● **Required work**
Repeat the span of the entries below that starts at the line with "Die-stage C marker" and ends at the line with "Free Image of", nothing more. Skip the pictures.

● **Input records**
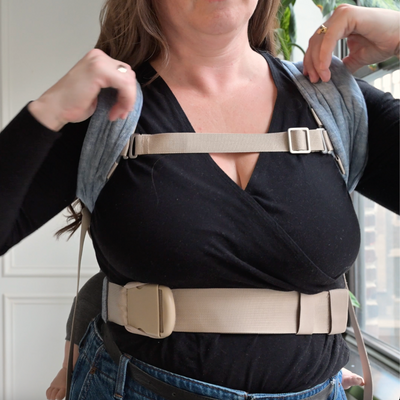 Video demonstrating how to adjust the chest clip on the Lark baby carrier: the wearer points to the buckle, then slides it upward along the shoulder strap to reposition it for a better fit.
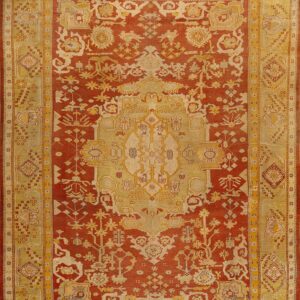 Red and gold traditional rug featuring a detailed central medallion and wide, patterned borders.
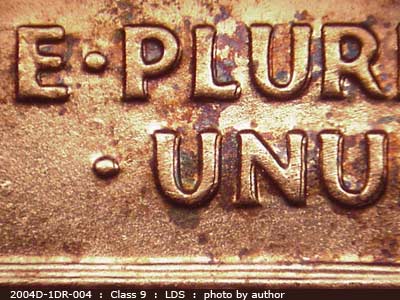 Die-stage C marker on 2004D•1DR•004 (2004 Doubled Die Reverse).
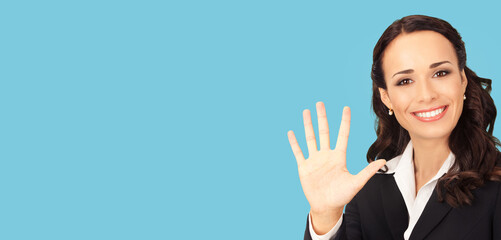 Ad concept image - happy smile brunette businesswoman business woman executive person wear black corporate suit, show five fingers hand sign gesture, isolated bright blue plain background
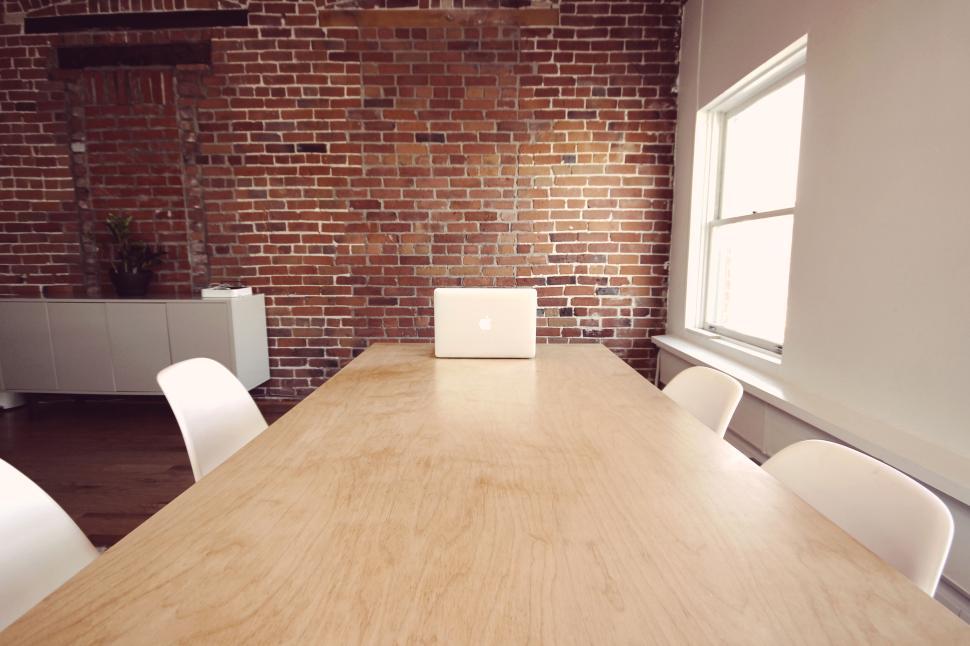 Free Image of Open laptop on large wooden table in bright room. 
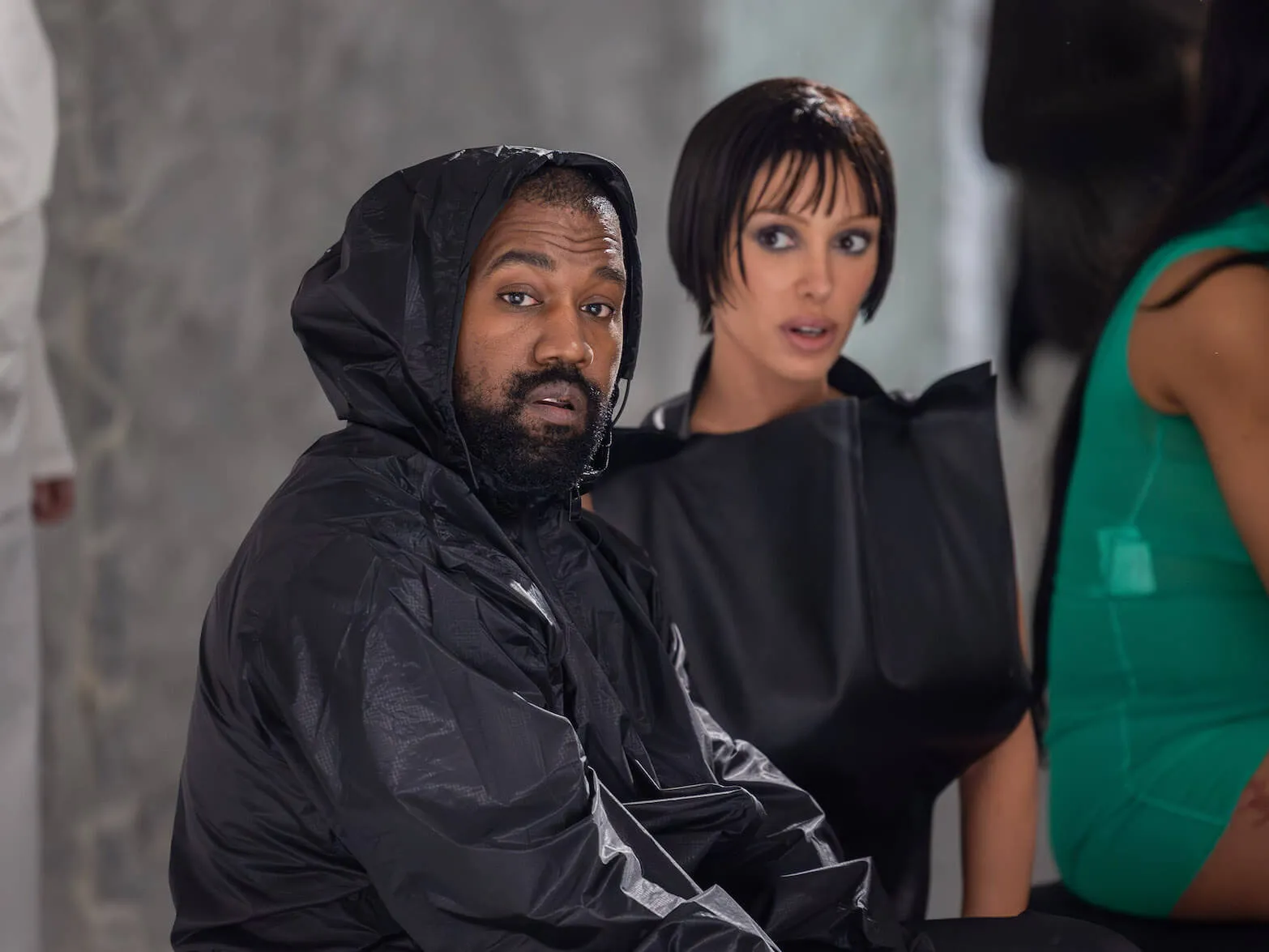 Kanye West and Bianca Censori sitting next to each other at Milan Fashion Week. West is wearing a black outfit with his hood over his head. Censori is slightly out of focus beside him in a black dress.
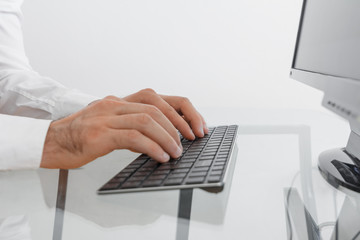 Doctor in a white medical coat typing on a black keyboard. Businessman in a white shirt is writing a text using a black keyboard.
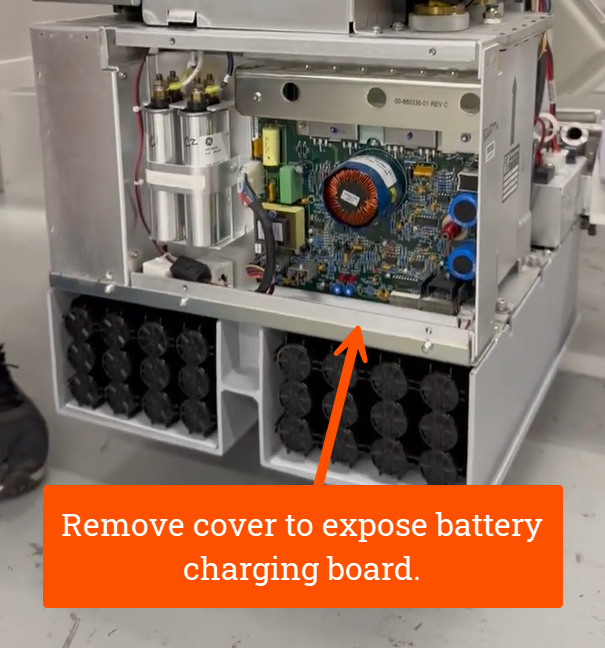 Remove cover to expose battery charging board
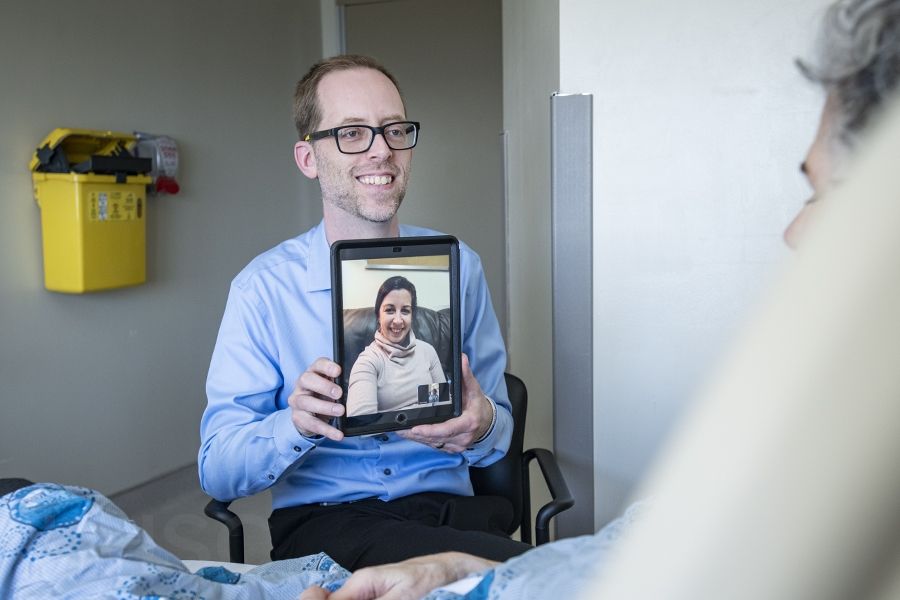 image of Spiritual Health Practitioner with iPad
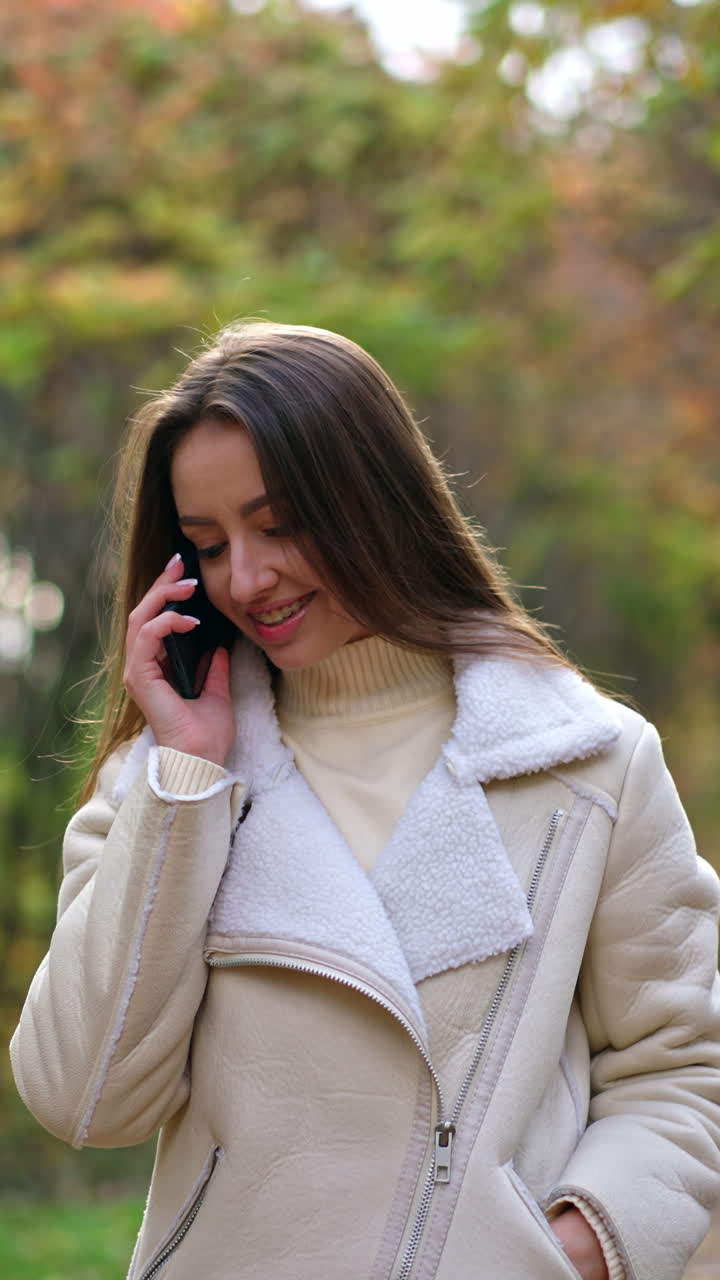 Beautiful dark-haired lady in white jacket walking slowly by the autumn wood. Attractive woman speaks on the phone continuing her walk. Vertical video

● **Solution below**
 Die-stage C marker on 2004D•1DR•004 (2004 Doubled Die Reverse).
 Ad concept image - happy smile brunette businesswoman business woman executive person wear black corporate suit, show five fingers hand sign gesture, isolated bright blue plain background
 Free Image of Open laptop on large wooden table in bright room. 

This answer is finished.